Melvin me maintenait contre lui. Je sentais sa chaleur, son souffle court. Sous sa peau, ses muscles contractés à l’extrême. En face, Fay leva les yeux au ciel avec une nonchalance cynique. Puis, dans un geste d’une lenteur volontairement théâtrale, braqua l’arracheuse droit sur nous. Le canon de l’arme brillait sous la lumière tremblante du couloir. Ses yeux, auparavant dorés, s’étaient assombris comme si une ombre les avait engloutis. Je n’eus pas besoin qu’il parle pour savoir qu’il était prêt à appuyer sur la détente. Sans une once d’hésitation.
— Tu serais donc prêt à risquer ta vie ? lança-t-il d’un ton glacial, presque amusé.
Melvin resta muet. Je le sentis se raidir davantage, son bras frémissant d’une colère contenue. Chaque respiration qu’il prenait semblait alimenter la tempête qui grondait en lui. La peur montait en moi, comme une vague acide, mais elle était balayée par une certitude : nous ne pouvions pas le laisser faire. Je ne laisserai pas Fay toucher à Mattheus. Jamais. J’étais prête à risquer ma vie, comme Melvin semblait l’être aussi.
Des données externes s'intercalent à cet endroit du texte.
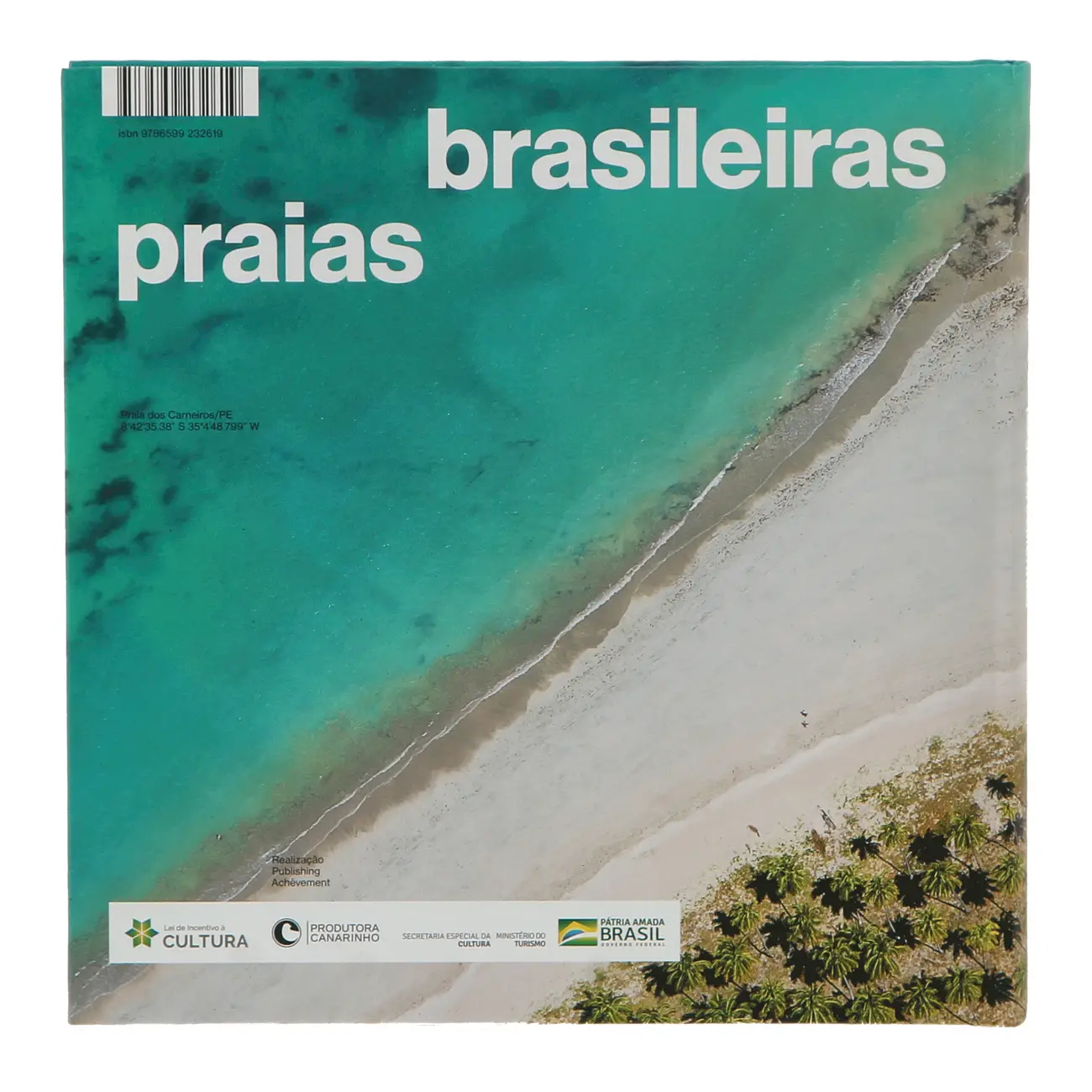 LIVRO BRAZILIAN BEACHES - MULTICOR - Foto 5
Le poids de Melvin se fit plus lourd contre moi. Mon cœur manqua un battement. Pendant un instant suspendu, j’ai cru qu’il s’effondrait. Qu’il avait été touché. Mais ce n’était pas ça. C’était un bond. Un jaillissement de rage. De détermination. Il s’élança sur Fay avec la force d’un fauve, le percutant de plein fouet. L’assaillant bascula à la renverse dans un grognement surpris. L’arracheuse lui échappa des mains, glissant sur le sol dans un bruit métallique.
Je courus, mon regard rivé sur l’arme. Mon sang pulsait dans mes tempes. Chaque pas me rapprochait du salut. Mais une silhouette se ressaisit plus vite que prévu. Fay. Il se redressa d’un mouvement fluide, presque inhumain. Sa main fondit sur l’arme avant la mienne. Il me devança d’une fraction de seconde.
Je m’arrêtai net.
Il me lança un regard qui fit naître le froid au creux de mon ventre. Son sourire était déformé. Cruel. Son doigt se posa lentement sur la détente, presque avec plaisir. Je ne bougeais plus. L’air autour de moi semblait se figer, s’épaissir.
Puis son index bougea.
Je levai les yeux. La lumière s’alluma au fond du canon, embrassant mon âme. Je n’entendis que le cri lointain de Melvin, avant de perdre l’équilibre.